Fifteen days after the accident, a week after Hobby regained consciousness, Zoe held a funeral service for Penny. Zoe wasn’t a religious person, she didn’t belong to any church, but she had asked Al Castle to arrange for the service to be held at St. Mary’s. She asked Jake to be a pallbearer, along with Patrick Loom, Colin Farrow, Anders Peashway, and some of Hobby’s other teammates. Eight strapping, handsome, and very young men carried Penny’s coffin out of the hearse and lifted it onto the carriage that rolled down the aisle. Hobby attended the funeral on a hospital gurney that orderlies placed between the front pew and the altar. Hobby was half boy, half mummy, but he had his mind back, and he cried openly in a ruined voice. Jordan had heard a rumor that Hobby had asked to speak but Zoe had said no. She couldn’t handle it. Jake had also asked to speak, as had Annabel Wright and Mrs. Yurick the music teacher, but Zoe had said no to them all. The priest said a few words about Christ and forgiveness and the glory of the hereafter, but Jordan-who was sitting with Ava, halfway back on the left-felt that it was all wrong. It was too stiff, too formal, too religious and scripted. It had nothing to do with Penny. Couldn’t Zoe see that? Zoe was sitting in the front pew alone, wearing a black suit that Jordan had never seen before, a suit befitting a corporate boardroom, and that was wrong too, he felt. It was a disguise; this funeral was a masquerade. Zoe was hiding. Where was she, really? Because that woman up there wasn’t anyone he recognized.

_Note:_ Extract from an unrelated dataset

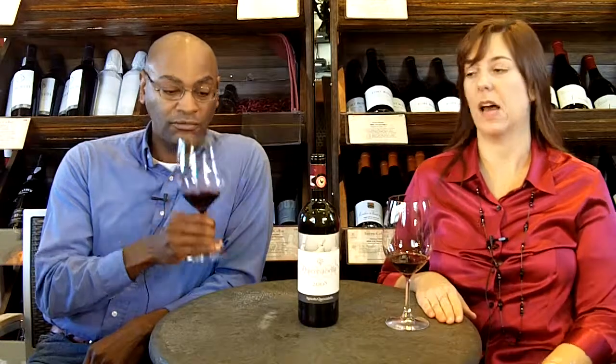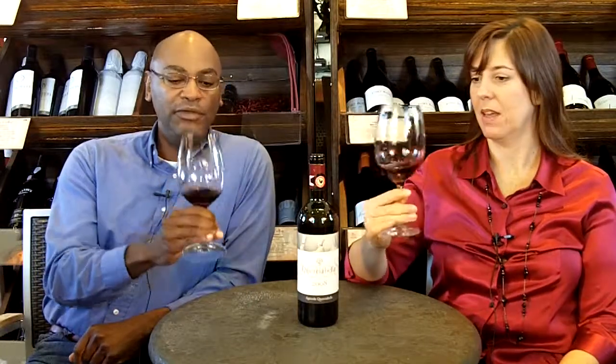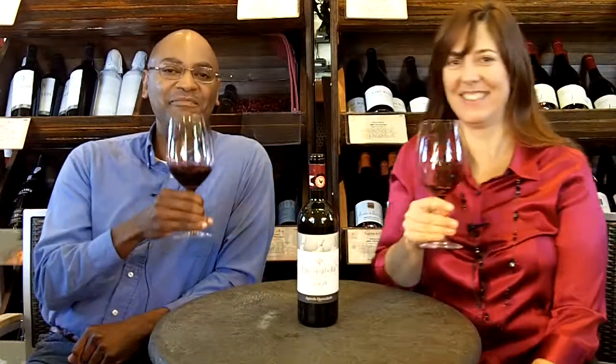This is 95% Sangiovese, which is a calling card for Chianti Classico, and 5% Cabernet. The first thing you notice on this is the color — it's very dark. Beautiful, beautiful color. It's a dark Italian stallion, like me.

Well, yes, of course, he thought. Losing a child changed a person. Look at what it had done to Ava.
The church was packed. There was an apron of mourners gathered around the outside of the building, spilling across the street and down the block.

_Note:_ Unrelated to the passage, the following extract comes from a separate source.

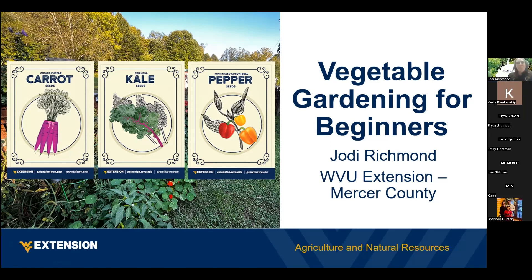Welcome everybody. Today's topic is vegetable gardening for beginners, so I hope everybody's getting a little excited — it's time to start getting those seed catalogs out and start planning our garden. Today I'm going to talk to you about vegetable gardening for beginners. It's a really big topic so we're not going to be able to dive very deep into it. I mainly just wanted to orient you to the topic and let you know about some of the resources that WVU Extension has. My name is Jody Richmond, I'm the extension agent in Mercer County and also the coordinator for the vegetable gardening and beginner gardening series.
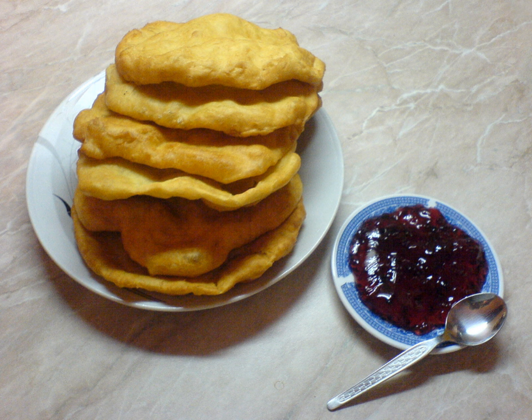Unlike Hungarian langus, Mekitsi is not served with mayonnaise or ketchup and is not so richly garnished.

Why not let Jake speak? He had spent days writing something. Jordan asked to read it, but Jake wanted him to wait and hear it at the service along with everyone else. Then when Zoe said no, Jake was crushed. Jordan had almost intervened on his son’s behalf and spoken to Zoe directly for the first time since the accident-but then he thought, She’s punishing Jake because he survived. But why not let Hobby speak? Jordan realized that if this service contained too much of Penny, Zoe wouldn’t be able to bear it.